Is that the next wave that we're going to see? Are we going to see a recruiter go to a mag company get 10 million or something? Feels like it's founder mode. Yeah. feels like it's founder mode. And then the question I had for you was that you know who's really good at spotting AI researcher talent? Venture capitalists.

So are the venture capitalists going to get poached and they're going to say, "Hey, yeah, you're making a lot of money as a GP at a tier one venture firm, but you want to come over to Meta and start doing recruiting and just bring these folks right in here. We can pay them out like it's liquidity event on day one.

" So how how does this all shape out? I think that I I don't know how the recruiter take shapes out. I I guess my perspective on this is like I think that high performing people in Silicon Valley have probably been uh underpaid relative to their performance because of things like comp bands for a long time.

And I think that if you think about it, you know, comp bands imply that uh everyone within a certain level is producing within some range, right? You know, maybe one to twox of each other. And I think anyone who's ever worked in a business knows that like that's just not true.

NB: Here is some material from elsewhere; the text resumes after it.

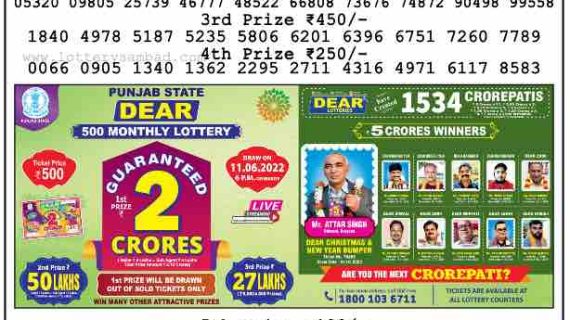 Download Result of Nagaland State Dear 6 Draw 08-06-2022 Draw at 1:00Pm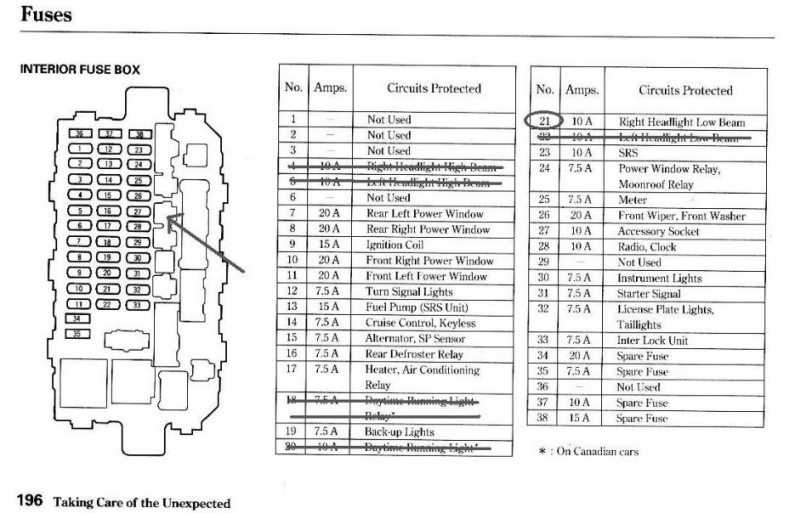 Using the Fuse Diagram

like there are people that are that you would uh do anything to keep within a level and then there's other people it's like okay if they left like you know we'll deal with it and so I actually think that the high performers have been you know mistreated for a long time so I'm actually quite happy with this idea of like if you are really uniquely good I mean I'm talking like truly otherworldly good you should get paid like you're otherworldly good and I think that one of the things you and I were talking about last night John that I think is also relevant is like these aren't guaranteed contracts.

They're vesting every month. If someone if you think someone is life-changingly good and they turn out not to be life-changingly good, they don't have to work there anymore and you don't have to pay them anymore.

And so, I actually think that like I think that to me the big thing that you actually people have comp bands because they want harmony and they don't want to explain to somebody that somebody else is performing better.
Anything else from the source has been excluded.